### ACTIVITY:
Starting at the top of the entries, restate word for word each line up to and including the one with "Cole Haan Signature".

━━ DATA SECTION ━━

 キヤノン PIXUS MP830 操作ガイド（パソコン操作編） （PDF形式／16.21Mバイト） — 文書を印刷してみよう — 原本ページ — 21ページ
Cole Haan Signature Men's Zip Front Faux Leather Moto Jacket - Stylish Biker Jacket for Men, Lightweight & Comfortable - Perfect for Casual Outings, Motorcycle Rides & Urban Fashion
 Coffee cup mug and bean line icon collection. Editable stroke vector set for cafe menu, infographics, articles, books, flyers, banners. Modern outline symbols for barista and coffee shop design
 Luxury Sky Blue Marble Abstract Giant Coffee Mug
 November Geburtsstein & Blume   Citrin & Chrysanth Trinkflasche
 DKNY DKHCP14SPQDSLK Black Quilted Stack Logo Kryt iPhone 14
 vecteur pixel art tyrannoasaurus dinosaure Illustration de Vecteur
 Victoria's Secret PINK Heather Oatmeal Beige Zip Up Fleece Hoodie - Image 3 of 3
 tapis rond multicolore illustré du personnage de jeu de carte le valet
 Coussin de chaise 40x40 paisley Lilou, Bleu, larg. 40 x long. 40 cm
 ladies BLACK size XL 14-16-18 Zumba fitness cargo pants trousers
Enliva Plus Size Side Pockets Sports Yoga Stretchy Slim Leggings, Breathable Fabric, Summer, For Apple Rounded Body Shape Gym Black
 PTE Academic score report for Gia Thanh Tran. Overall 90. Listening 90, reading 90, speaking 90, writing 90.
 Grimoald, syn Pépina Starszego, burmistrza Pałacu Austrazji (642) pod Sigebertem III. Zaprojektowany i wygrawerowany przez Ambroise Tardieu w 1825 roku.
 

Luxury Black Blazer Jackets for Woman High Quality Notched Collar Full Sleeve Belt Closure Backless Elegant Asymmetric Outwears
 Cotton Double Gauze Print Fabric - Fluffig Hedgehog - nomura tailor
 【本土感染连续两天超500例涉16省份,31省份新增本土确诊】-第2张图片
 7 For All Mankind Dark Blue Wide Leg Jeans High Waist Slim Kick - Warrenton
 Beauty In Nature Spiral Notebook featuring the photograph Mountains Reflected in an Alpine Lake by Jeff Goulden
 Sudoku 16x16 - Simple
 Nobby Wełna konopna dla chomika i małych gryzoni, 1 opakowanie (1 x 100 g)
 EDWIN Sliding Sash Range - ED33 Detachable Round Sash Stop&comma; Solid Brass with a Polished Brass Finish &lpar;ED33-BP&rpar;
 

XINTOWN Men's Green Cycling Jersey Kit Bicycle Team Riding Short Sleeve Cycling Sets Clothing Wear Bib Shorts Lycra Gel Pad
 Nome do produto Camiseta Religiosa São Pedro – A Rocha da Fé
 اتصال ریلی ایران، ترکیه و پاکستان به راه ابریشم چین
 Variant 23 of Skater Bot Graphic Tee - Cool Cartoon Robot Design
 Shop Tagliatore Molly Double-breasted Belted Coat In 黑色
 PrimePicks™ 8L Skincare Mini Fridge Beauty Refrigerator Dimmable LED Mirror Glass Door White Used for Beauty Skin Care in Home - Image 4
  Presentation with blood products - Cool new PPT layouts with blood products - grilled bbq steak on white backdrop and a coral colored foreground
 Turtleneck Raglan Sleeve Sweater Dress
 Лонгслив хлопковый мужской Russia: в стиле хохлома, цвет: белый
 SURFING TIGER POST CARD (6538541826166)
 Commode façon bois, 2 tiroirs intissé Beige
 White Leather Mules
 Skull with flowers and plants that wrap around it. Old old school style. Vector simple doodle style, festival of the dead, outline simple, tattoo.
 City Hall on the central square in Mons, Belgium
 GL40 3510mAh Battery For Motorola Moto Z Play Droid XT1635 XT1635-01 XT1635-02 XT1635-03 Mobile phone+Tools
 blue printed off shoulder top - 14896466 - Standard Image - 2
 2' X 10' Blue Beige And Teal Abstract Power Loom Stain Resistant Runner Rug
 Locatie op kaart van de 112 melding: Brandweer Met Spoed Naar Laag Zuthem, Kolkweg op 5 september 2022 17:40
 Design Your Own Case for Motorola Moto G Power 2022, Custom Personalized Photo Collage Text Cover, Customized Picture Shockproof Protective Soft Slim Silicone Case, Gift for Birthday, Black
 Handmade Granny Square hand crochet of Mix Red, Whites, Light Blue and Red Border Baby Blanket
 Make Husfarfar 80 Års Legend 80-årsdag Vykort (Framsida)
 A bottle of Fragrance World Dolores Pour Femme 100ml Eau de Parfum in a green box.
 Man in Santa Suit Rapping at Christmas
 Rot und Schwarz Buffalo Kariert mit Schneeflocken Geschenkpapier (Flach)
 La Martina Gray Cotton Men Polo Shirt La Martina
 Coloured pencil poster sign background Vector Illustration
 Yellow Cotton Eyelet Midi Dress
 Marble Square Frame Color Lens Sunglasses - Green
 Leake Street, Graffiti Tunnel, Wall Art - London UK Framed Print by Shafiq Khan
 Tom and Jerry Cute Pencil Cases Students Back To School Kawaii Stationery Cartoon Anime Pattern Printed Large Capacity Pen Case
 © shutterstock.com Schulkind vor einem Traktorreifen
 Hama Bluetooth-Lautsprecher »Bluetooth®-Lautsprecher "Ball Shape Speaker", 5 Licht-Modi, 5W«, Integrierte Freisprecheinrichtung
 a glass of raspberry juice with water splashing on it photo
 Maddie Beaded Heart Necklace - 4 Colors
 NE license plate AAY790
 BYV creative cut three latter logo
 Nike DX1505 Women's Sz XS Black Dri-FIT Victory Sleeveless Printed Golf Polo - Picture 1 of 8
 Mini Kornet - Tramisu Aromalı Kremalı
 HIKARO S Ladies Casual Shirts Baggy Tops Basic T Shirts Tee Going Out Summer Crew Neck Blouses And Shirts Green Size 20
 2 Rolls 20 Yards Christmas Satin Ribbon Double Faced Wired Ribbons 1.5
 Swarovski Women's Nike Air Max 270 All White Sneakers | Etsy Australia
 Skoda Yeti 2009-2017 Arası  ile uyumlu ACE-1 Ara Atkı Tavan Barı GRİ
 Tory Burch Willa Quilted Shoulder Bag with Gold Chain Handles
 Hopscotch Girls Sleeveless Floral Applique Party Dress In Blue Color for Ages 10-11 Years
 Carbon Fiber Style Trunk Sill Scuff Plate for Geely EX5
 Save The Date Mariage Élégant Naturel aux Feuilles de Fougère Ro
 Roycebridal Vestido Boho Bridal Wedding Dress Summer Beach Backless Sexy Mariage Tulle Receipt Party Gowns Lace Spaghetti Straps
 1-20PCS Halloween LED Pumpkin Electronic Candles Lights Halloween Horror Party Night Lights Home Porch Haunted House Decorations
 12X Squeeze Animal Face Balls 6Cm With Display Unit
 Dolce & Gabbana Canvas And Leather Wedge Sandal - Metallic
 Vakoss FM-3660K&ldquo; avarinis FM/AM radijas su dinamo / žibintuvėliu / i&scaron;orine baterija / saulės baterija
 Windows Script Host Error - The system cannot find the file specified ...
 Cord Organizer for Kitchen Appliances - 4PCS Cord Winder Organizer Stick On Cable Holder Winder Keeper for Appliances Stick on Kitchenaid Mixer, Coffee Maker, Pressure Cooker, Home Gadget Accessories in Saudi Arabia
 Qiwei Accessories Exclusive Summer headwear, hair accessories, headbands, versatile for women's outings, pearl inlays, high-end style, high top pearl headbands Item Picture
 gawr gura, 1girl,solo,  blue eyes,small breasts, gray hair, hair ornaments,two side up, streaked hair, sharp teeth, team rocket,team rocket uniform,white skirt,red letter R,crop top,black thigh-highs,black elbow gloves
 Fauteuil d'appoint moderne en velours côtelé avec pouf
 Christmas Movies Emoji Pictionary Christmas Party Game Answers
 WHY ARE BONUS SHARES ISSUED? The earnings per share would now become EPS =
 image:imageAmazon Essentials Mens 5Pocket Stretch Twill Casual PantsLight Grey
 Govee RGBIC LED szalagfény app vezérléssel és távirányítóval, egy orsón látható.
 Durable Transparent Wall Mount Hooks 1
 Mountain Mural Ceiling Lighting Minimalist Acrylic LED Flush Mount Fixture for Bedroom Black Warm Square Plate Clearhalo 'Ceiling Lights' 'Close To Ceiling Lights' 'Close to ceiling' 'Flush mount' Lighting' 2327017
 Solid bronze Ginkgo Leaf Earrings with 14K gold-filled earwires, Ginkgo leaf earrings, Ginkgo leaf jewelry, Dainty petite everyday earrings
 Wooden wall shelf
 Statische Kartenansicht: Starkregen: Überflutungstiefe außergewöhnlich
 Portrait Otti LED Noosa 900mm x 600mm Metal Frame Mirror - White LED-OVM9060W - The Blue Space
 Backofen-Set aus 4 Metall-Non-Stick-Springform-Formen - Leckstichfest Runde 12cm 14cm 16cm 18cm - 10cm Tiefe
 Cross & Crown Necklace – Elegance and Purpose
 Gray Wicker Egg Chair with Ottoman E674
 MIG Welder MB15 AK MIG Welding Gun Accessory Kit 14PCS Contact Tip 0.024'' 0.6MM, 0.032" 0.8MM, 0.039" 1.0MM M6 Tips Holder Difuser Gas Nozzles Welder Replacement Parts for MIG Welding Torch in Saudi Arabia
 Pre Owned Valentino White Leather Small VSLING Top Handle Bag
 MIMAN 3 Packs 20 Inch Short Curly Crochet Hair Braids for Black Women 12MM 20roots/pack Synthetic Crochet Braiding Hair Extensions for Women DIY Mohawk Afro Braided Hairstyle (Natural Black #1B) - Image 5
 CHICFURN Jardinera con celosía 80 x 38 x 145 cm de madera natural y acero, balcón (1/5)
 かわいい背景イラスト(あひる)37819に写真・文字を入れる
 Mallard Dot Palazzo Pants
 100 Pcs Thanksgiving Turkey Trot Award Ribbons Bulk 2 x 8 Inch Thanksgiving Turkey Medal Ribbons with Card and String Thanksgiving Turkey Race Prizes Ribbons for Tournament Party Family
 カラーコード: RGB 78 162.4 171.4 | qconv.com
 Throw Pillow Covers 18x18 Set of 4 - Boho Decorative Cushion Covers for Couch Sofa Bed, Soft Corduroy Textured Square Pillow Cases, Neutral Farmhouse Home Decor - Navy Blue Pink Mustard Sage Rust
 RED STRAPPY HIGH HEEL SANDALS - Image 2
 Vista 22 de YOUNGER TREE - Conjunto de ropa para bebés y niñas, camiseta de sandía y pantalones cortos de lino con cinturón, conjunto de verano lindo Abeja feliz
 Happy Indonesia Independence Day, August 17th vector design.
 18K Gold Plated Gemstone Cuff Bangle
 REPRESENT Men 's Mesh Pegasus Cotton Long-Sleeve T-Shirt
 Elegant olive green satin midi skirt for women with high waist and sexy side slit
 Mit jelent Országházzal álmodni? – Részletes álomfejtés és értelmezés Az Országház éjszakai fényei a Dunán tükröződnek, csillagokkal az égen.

━━━

### YOUR SOLUTION:
 キヤノン PIXUS MP830 操作ガイド（パソコン操作編） （PDF形式／16.21Mバイト） — 文書を印刷してみよう — 原本ページ — 21ページ
Cole Haan Signature Men's Zip Front Faux Leather Moto Jacket - Stylish Biker Jacket for Men, Lightweight & Comfortable - Perfect for Casual Outings, Motorcycle Rides & Urban Fashion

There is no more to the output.